**Task instructions**. What you return must match the listing below character for character, minus any pictures.

**Dataset content**.
>>>

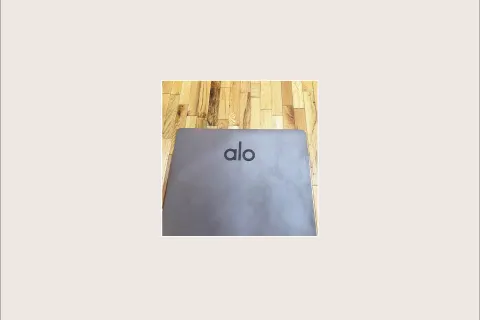   alo yoga warrior måtte røgkvarts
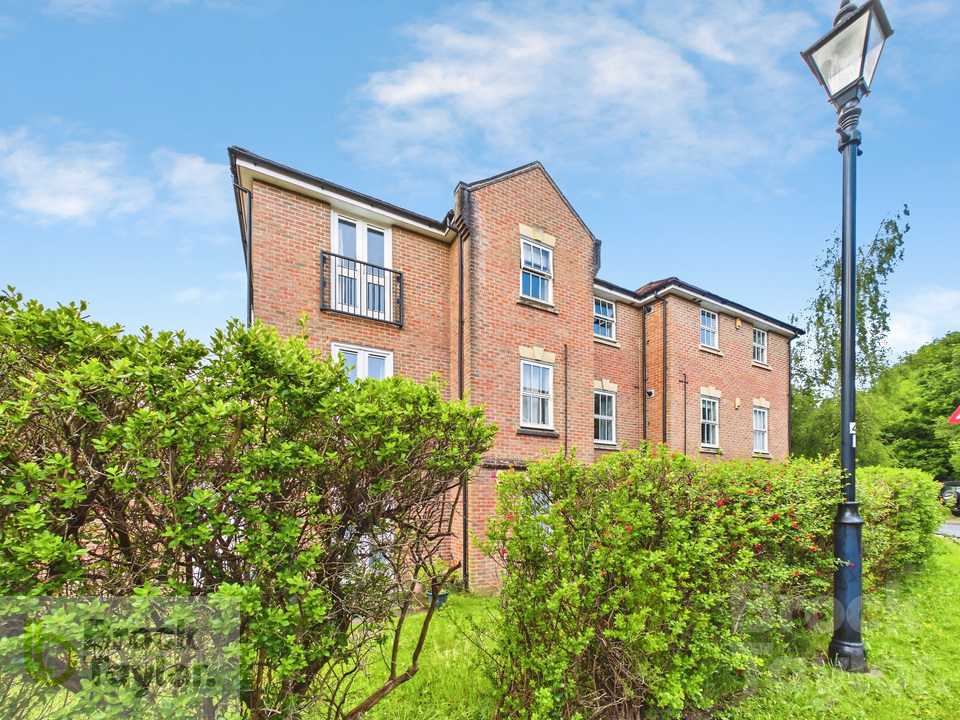 2 bed apartment for sale in Deers Leap, Haywards Heath - Property Image 1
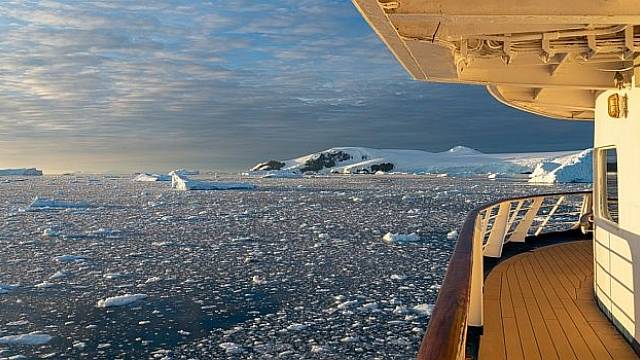 Jezero Vostok je jedno ze sedmdesáti jezer ukrývajících se pod ledem v Antarktidě
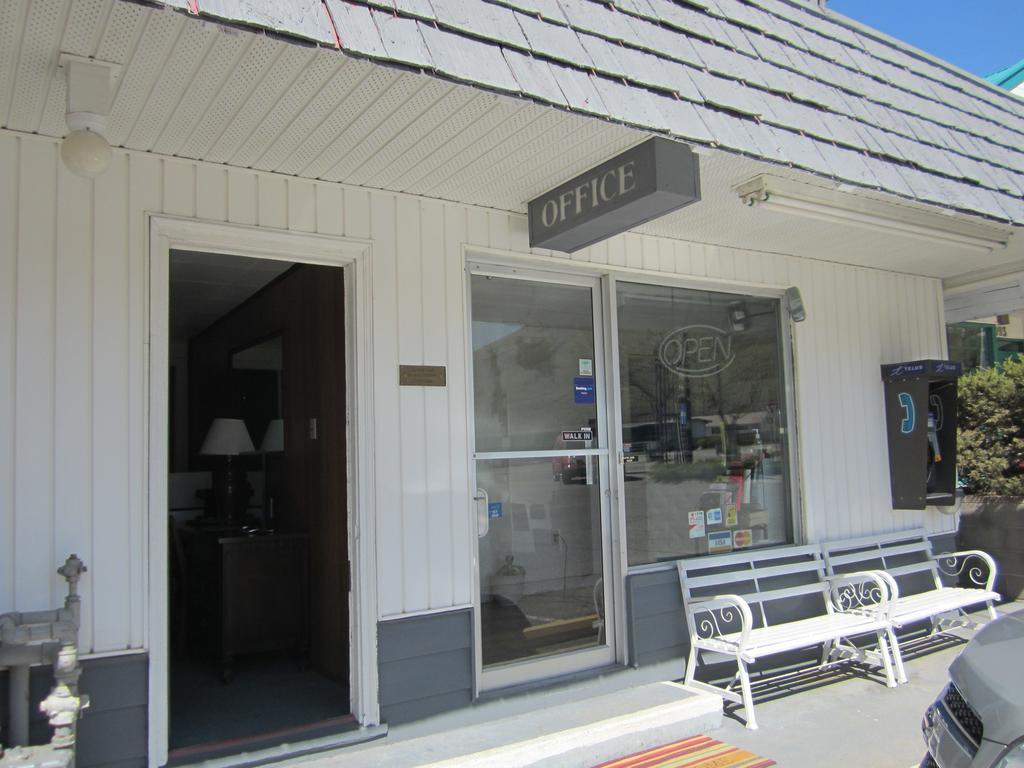 Robbie'S Motel Cache Creek Exterior foto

<<<

**Solved problem**.
   alo yoga warrior måtte røgkvarts
 2 bed apartment for sale in Deers Leap, Haywards Heath - Property Image 1
 Jezero Vostok je jedno ze sedmdesáti jezer ukrývajících se pod ledem v Antarktidě
 Robbie'S Motel Cache Creek Exterior foto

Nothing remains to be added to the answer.